Your headlights are on
February 11, 2008 7:58 AM   Subscribe

Why was the U.S. so late in dropping incandescent sealed beam headlights on cars in favor of composite headlights (which feature separate bulb and lens).

This always bothered me because in the 70s and 80s European market cars looked so much cooler/more modern than U.S. cars. When those cars were imported here, they had to revert to sealed beams until late 1980s...turning this into this.
posted by punkfloyd to Grab Bag (8 answers total) 2 users marked this as a favorite
 
One reason was that the DOT/NHTSA was reluctant to approve composites until it was convinced that they could be properly aimed.
posted by TedW at 8:26 AM on February 11, 2008


Great question. I've always been interested in learning more about this change. This was a statutory issue, and the best answer I can gave you is that the wheels of legislative change take a long time to turn. For information on the process, take a look at this wikipedia entry:

Automakers faced an inherent conflict between NHTSA's stringent headlight legislation, which froze U.S. headlight technology in 1940, and the Corporate Average Fuel Economy standard, which effectively mandated that automakers develop ways to improve the ability of the car to cleave the air. As a result, in the early 1980s, automakers lobbied for a modification of the mandate for fixed shape sealed-beam headlamps.

NHTSA adopted Ford's proposal for low-cost aerodynamic headlamps with polycarbonate lenses and transverse-filament bulbs.

posted by thejoshu at 8:27 AM on February 11, 2008


To add a little: this was discussed frequently in car magazines of the era, usually as an example of US bureaucratic bungling. If you can find some back issues you may find something about it.
posted by TedW at 8:31 AM on February 11, 2008


turning this into this.

Rover SD1, oh boy. Such a fine concept and so very poorly executed. My dad had a couple of them. I have never seen the US import version with those awful headlights - I wonder if North American sales reached 4 digits.
posted by Dan Brilliant at 8:45 AM on February 11, 2008


On what TedW said: ISTR a lengthy article in Car and Driver back in the day suggesting one bureaucratic impediment was the NHTSA's advisory board for headlight standards was largely composed of headlamp manufacturers.
posted by Opposite George at 8:55 AM on February 11, 2008


Response by poster: @ Dan Brilliant: I think they were sold in the U.S in 1980 only. They might have sold 1,000.

@ thejoshu: The role of Ford here makes sense as the switch seemed to coincide with the introduction of the Taurus around 1986.
posted by punkfloyd at 8:55 AM on February 11, 2008


A lot of product laws in this country are not related to the merits of the products themselves. When I was a kid it was illegal to sell Coors Beer in Oregon.

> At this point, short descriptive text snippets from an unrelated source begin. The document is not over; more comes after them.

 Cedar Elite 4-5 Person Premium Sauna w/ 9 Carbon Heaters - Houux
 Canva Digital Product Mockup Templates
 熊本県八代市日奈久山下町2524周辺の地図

Well, actually, it was illegal to sell beer which was not pasteurized, but Coors was the only one. Coors used a cold filtration process which achieved the same end, so there was no difference in product safety. BUT... Coors was non-union, and it was union money that convinced the legislature to make that law, as a way of applying pressure to the company to accept unions (mainly the Teamsters IIRC).

When I was a kid, it was against the law for restaurants to serve margarine. They had to serve butter. Not that there was any good reason for that, but the dairy industry did a lot of lobbying.

Rent Seeking has a long and inglorious history in this country, as does protectionism. In this case, the problem was that the companies that made sealed-beam headlights were different than those that made quartz halogen headlights, and they were using their lobbying money to keep halogen headlights from becoming the norm -- because they were better, and it was obvious that if they were legalized then the sealed beam headlight would go the way of the Dodo.
posted by Steven C. Den Beste at 9:50 AM on February 11, 2008


The sealed-beam law came about at first because headlight reflectors of the day would oxidize, reducing the light output - and the DOT (IIRC) deciced that a better way existed (a positive environmental seal to prevent the oxidization in the first place). Reflector technology improved but it took the Cibie BOBI lights - which had a sealed reflector -and- a QH bulb - to convince the DOT that a few alternatives were reasonable. IIRC the BOBI lights were available in the rectangular form factor too.

QH bulbs require an environment that isn't a good vacuum and is hot, in order to keep the halogen cycle going. That's fundamentally incompatible with a sealed beam. Improvements in reflector technology and the benefits of QH were together too much of a benefit and once it was obvious, the NHTSA reluctantly gave ground.